• Task goal
Your copy should match the entries exactly, except that it holds no pictures.

*** Exercise material Section Begins ***

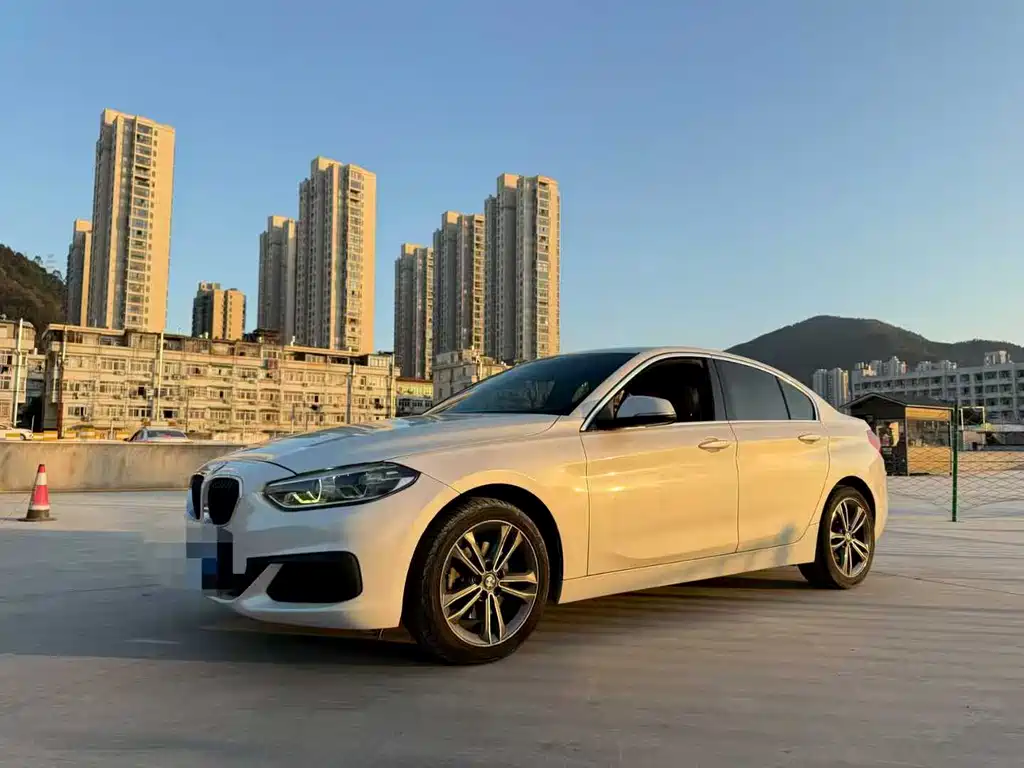 BMW 1 Series 2020 120i Fashion купить на сайте DeffCars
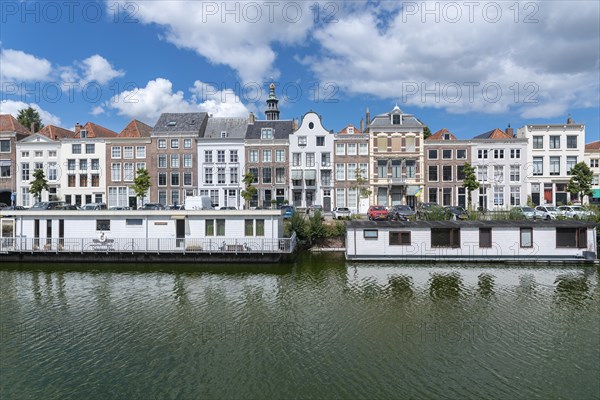 Cityscape with houseboats at Londensekaai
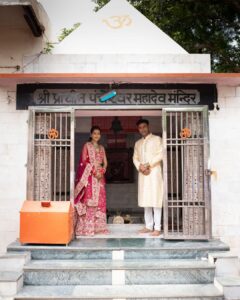 Payal Rohatgi Instagram - As a married couple our first blessings at Temple Pancheshwar Mahadev in Agra. It’s located at the East gate of TajMahal. 

Visit that before u go visit Taj 🙏 

#payalrohatgi #sangramsingh #payalkesangram

📸 : @movieingmoments 

Travel Partner : @holidaysbymaitri24 @mvtsindia 
Decor : @kps__events_ 

Wedding ideation : @anupma543 

Payal’s Outfit : @_risaofficial @house_of_risa_ @wfivecommunication 

Payal’s jewellery : @multanijewellersofficial 

Sangram’s outfit : @asopalav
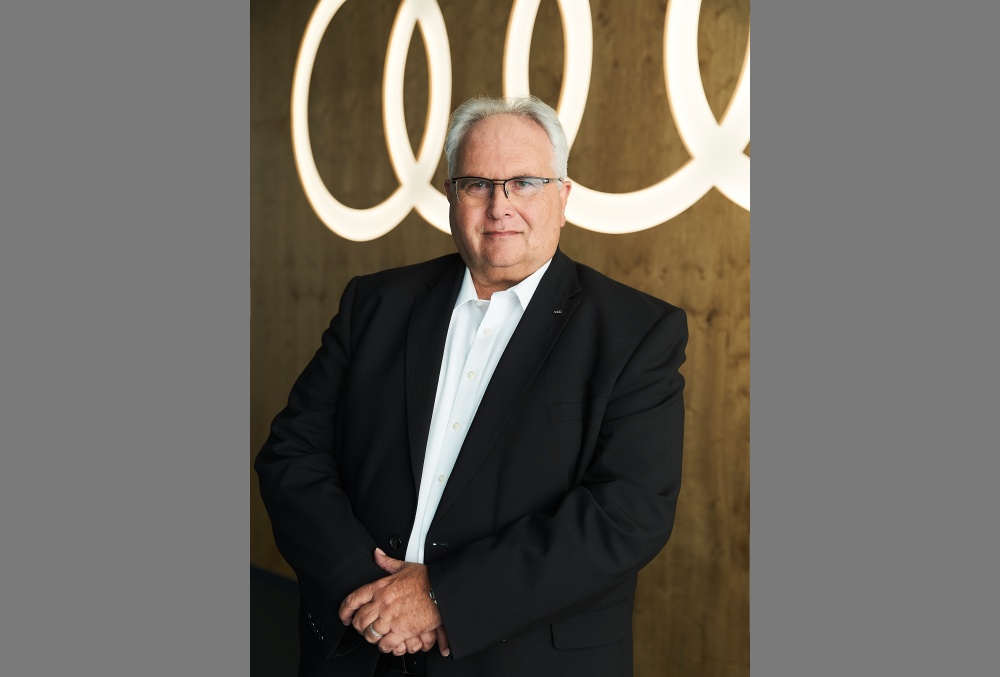 Interview mit Alfons Dintner, Vorsitzender des Vorstands Audi Hungaria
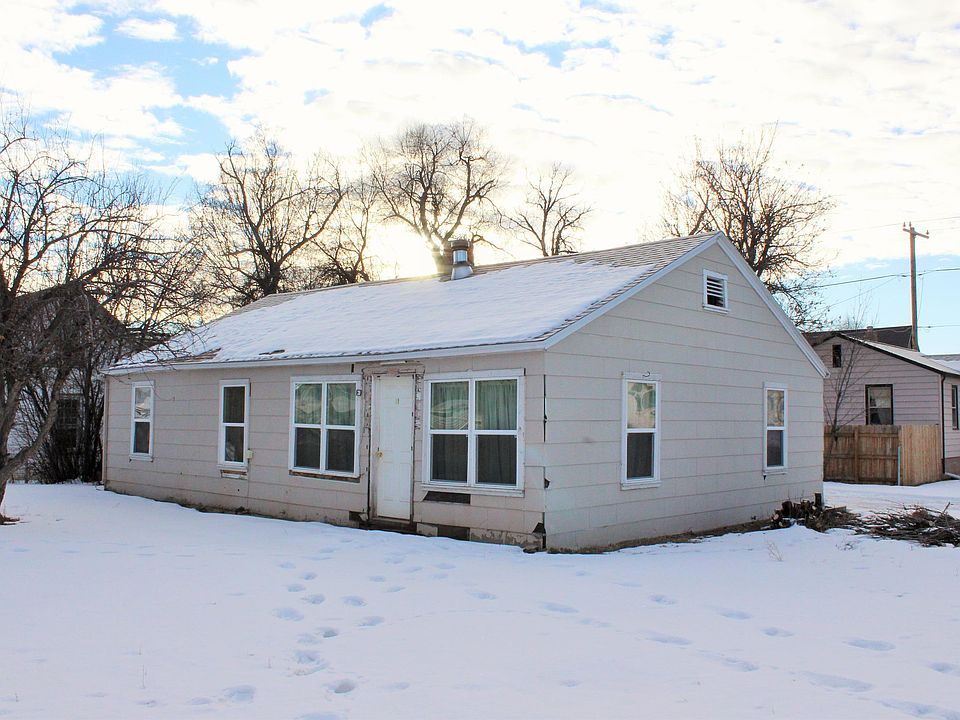 1st image of 645 Big Horn St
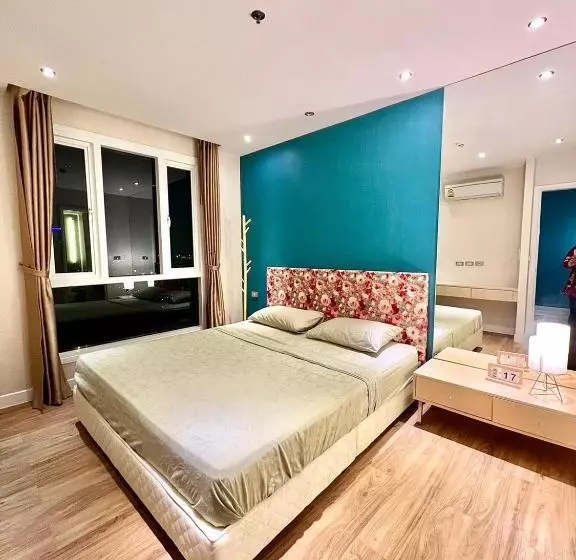 Hotelli Grande Caribbean Pattaya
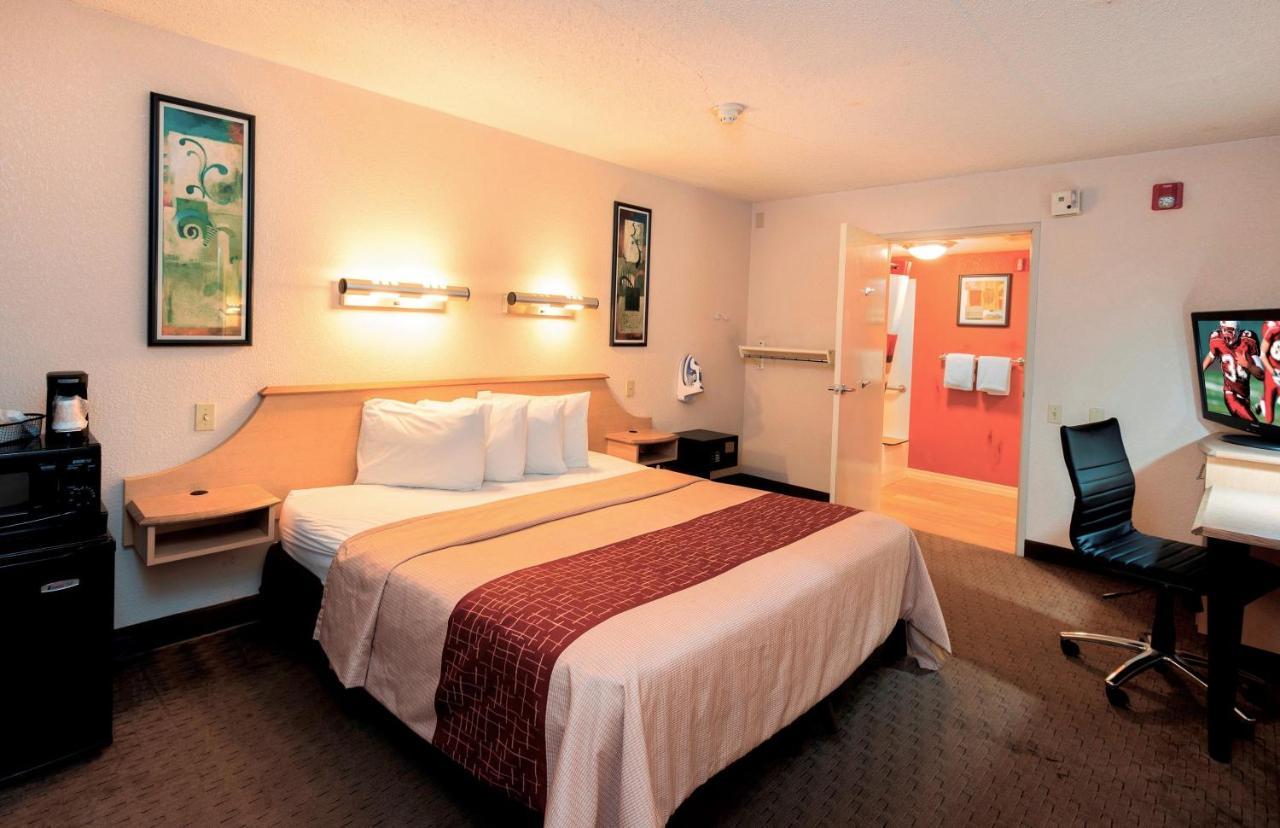 Red Roof Inn San Antonio Airport Bagian luar foto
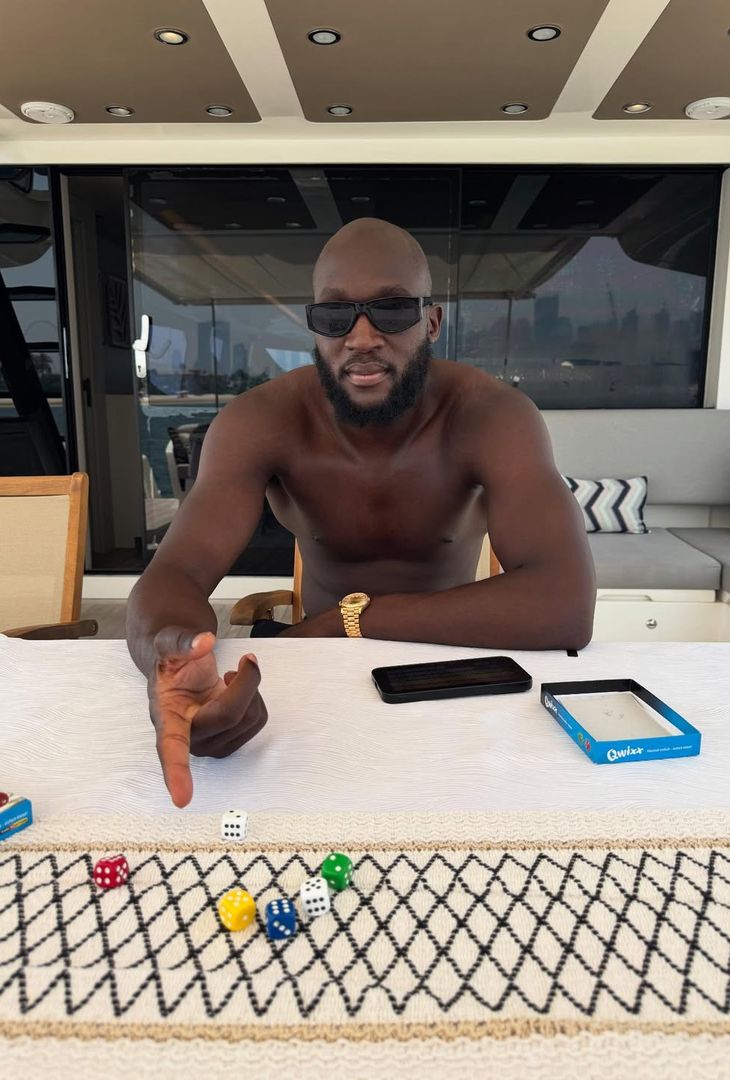 Lukaku si gode le vacanze a Dubai: mare, golf e relax per il belga LA GALLERY - immagine 3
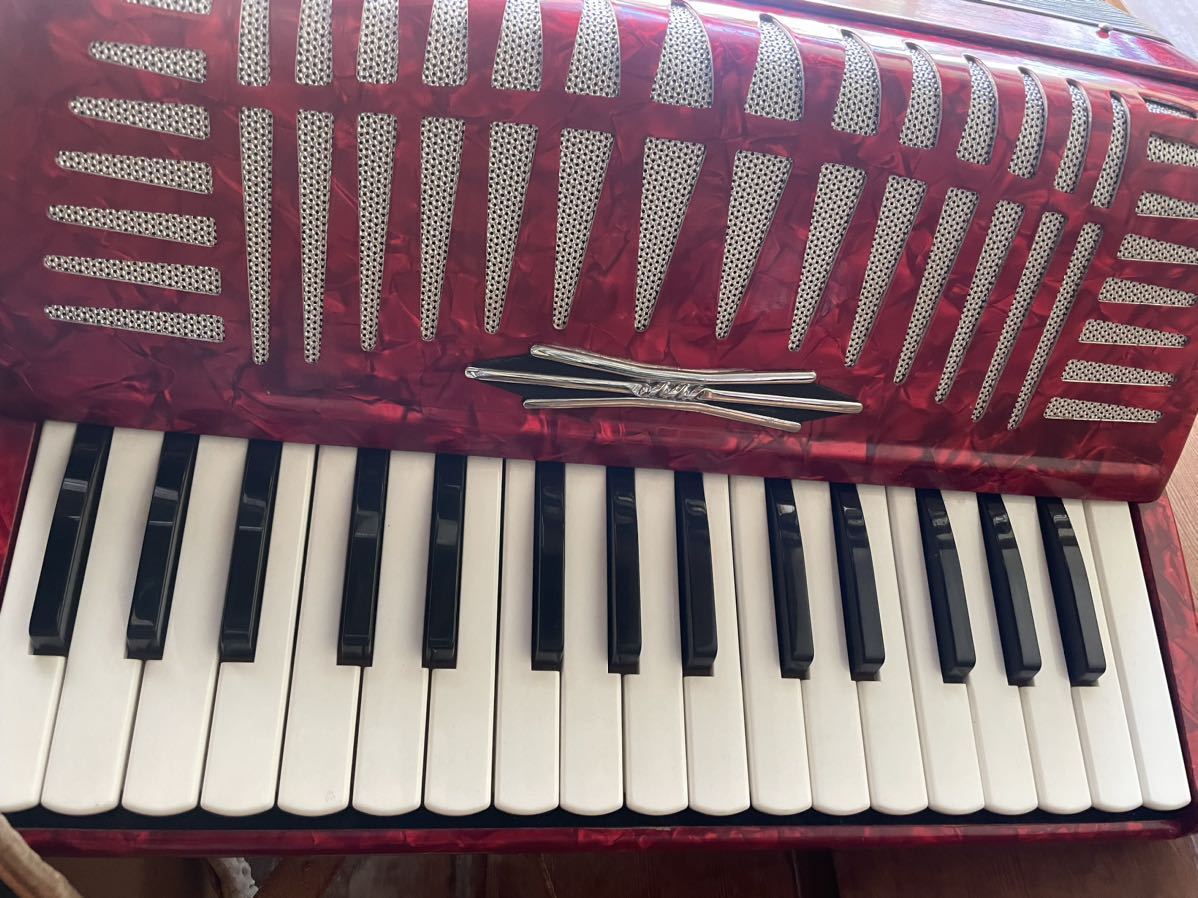 YAMAHA accordion 8905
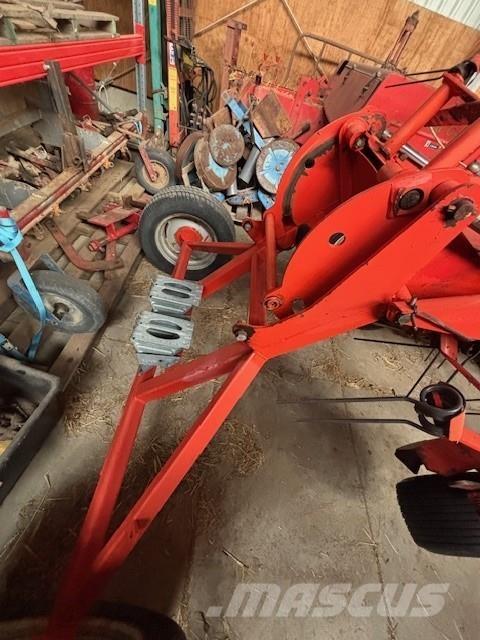 Kuhn GF 8501 TO Rastrilladoras y rastrilladoras giratorias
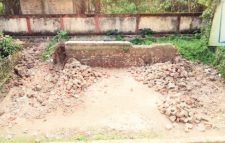 সরকারি স্থাপনা ভেঙ্গে দিলেন ইউএনও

*** Exercise material Section Ends ***

• Expected answer
 BMW 1 Series 2020 120i Fashion купить на сайте DeffCars
 Cityscape with houseboats at Londensekaai
 Payal Rohatgi Instagram - As a married couple our first blessings at Temple Pancheshwar Mahadev in Agra. It’s located at the East gate of TajMahal. 

Visit that before u go visit Taj 🙏 

#payalrohatgi #sangramsingh #payalkesangram

📸 : @movieingmoments 

Travel Partner : @holidaysbymaitri24 @mvtsindia 
Decor : @kps__events_ 

Wedding ideation : @anupma543 

Payal’s Outfit : @_risaofficial @house_of_risa_ @wfivecommunication 

Payal’s jewellery : @multanijewellersofficial 

Sangram’s outfit : @asopalav
 Interview mit Alfons Dintner, Vorsitzender des Vorstands Audi Hungaria
 1st image of 645 Big Horn St
 Hotelli Grande Caribbean Pattaya
 Red Roof Inn San Antonio Airport Bagian luar foto
 Lukaku si gode le vacanze a Dubai: mare, golf e relax per il belga LA GALLERY - immagine 3
 YAMAHA accordion 8905
 Kuhn GF 8501 TO Rastrilladoras y rastrilladoras giratorias
 সরকারি স্থাপনা ভেঙ্গে দিলেন ইউএনও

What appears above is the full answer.